Claro
que hay de enfermedades a enfermedades. En este caso se alude a las de baja
intensidad, las comunes. Una vez aclarado el punto, ¿quién no recuerda aquellos
largos días de infancia en que faltábamos a la escuela y nos quedábamos en casa,
al cuidado amoroso de nuestra madre mientras nos reponíamos de una de esas
enfermedades?
Juan
José Millás comenta que ya siendo adulto después de algún malestar pasajero prefirió
no reconocer que ya se sentía mejor. “No he dicho nada de mi curación a la
familia, en parte porque desconfío de que no vuelvan, y en parte porque creo
que me quieren más cuando estoy enfermo.” La cuestión tiene su historia.
Este
asunto viene de lejos. Mi madre, siendo yo muy pequeño, me adoraba cuando tenía
fiebre. Se pasaba la vida tocándome la frente, como quien comprueba de manera
obsesiva si ha subido la Bolsa.
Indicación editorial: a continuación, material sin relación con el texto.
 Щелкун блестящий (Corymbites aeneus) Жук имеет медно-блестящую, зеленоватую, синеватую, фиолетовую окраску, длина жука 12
A mí me daba lástima decepcionarla, pero no
sabía cómo provocar la fiebre. He aquí la frase preferida de mi madre:
-Este
niño tiene fiebre.
A
continuación me ponía el termómetro, y si no subía de treinta y siete grados
desconfiaba de él. Tampoco pedía tanto la mujer: solo unas décimas que le
permitieran meterme en la cama y mimarme.
Millás
lo reconoce sin retaceos: “De ahí mi pasión por la fiebre, no por las fiebres
altas, desde luego, más bien por la febrícula, que es una de las palabras más
hermosas del diccionario. Febrícula.” Llega el final: “Cuando mi madre
falleció, yo estaba con fiebre. La incineré con fiebre y seguí así durante una
semana o dos después de que la despidiéramos.”
Y sí,
¿cómo se iba a curar pronto si su madre ya no estaba?